Italien - guter Geschmack hat ein zu Hause

Mein Hauptaugenmerk liegt auch in Italien auf dem urbanen Umfeld. In Italien besteht jedoch das Problem, dass jede noch so kleine Stadt dem Fotografen außergewöhnliche Ansichten bietet, so dass ich kaum weiß, wohin ich mich wenden soll. Es stehen noch viele Orte aus, wo ich unbedingt fotografieren muss. Die Perspektiven sind größtenteils die gleichen wie in Berlin, auch wenn der Charakter der entstandenen Bilder ein ganz anderer zu sein scheint. Mein Italien ist gar nicht so bunt, wie ich vielleicht geglaubt hätte. Es scheint auch nicht immer die Sonne. Neben dem quadratischen gibt es in Italien natürlich viel mehr klassische Formate.

Der Süden - barocker Alltag im 3. Jahrtausend

Kaum irgendwo findet man eine größere Dichte von schönen Orten als im Süden Italiens. Es braucht kein konkretes Ziel, um teilweise unglaubliche Plätze zu entdecken. Gerade die Abgelegenheit mancher Sehenswürdigkeit scheint schier unbegreiflich. "Lost Places" ist gerade hierzulande mittlerweile zu einem gefragten Sujet avanciert, wahrscheinlich im Zuge der Eroberung Osteuropas.
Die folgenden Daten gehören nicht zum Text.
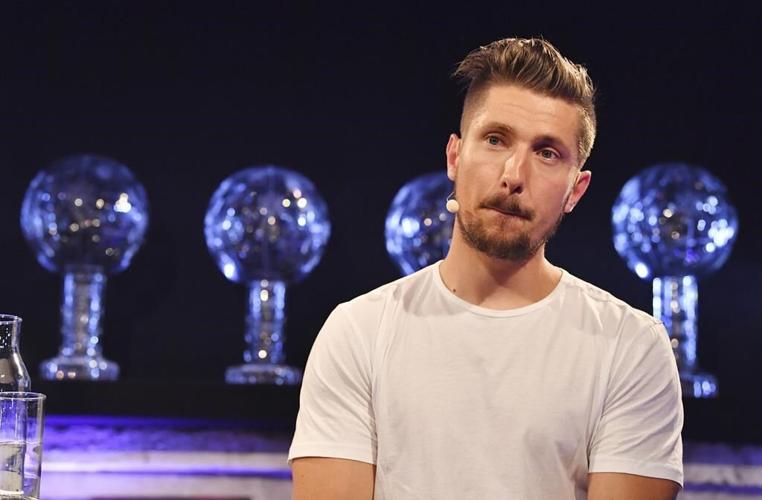 Marcel Hirscher is coming out of retirement. He plans to ski for the Netherlands, his mom's nation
Jeder auch noch so unansehnliche Ort wird zum Mittelpunkt der Weltgeschichte erklärt, und ich weiß nicht, ob es sich um eine Sehnsucht nach Einsamkeit und Ruhe, sprich um Ostalgie, oder vielleicht doch eher um den Spiegel einer inneren Befindlichkeit handelt. Jedenfalls denkt dabei niemand an Italien, wo der morbide Charme vollständig integriert uns überall umgibt.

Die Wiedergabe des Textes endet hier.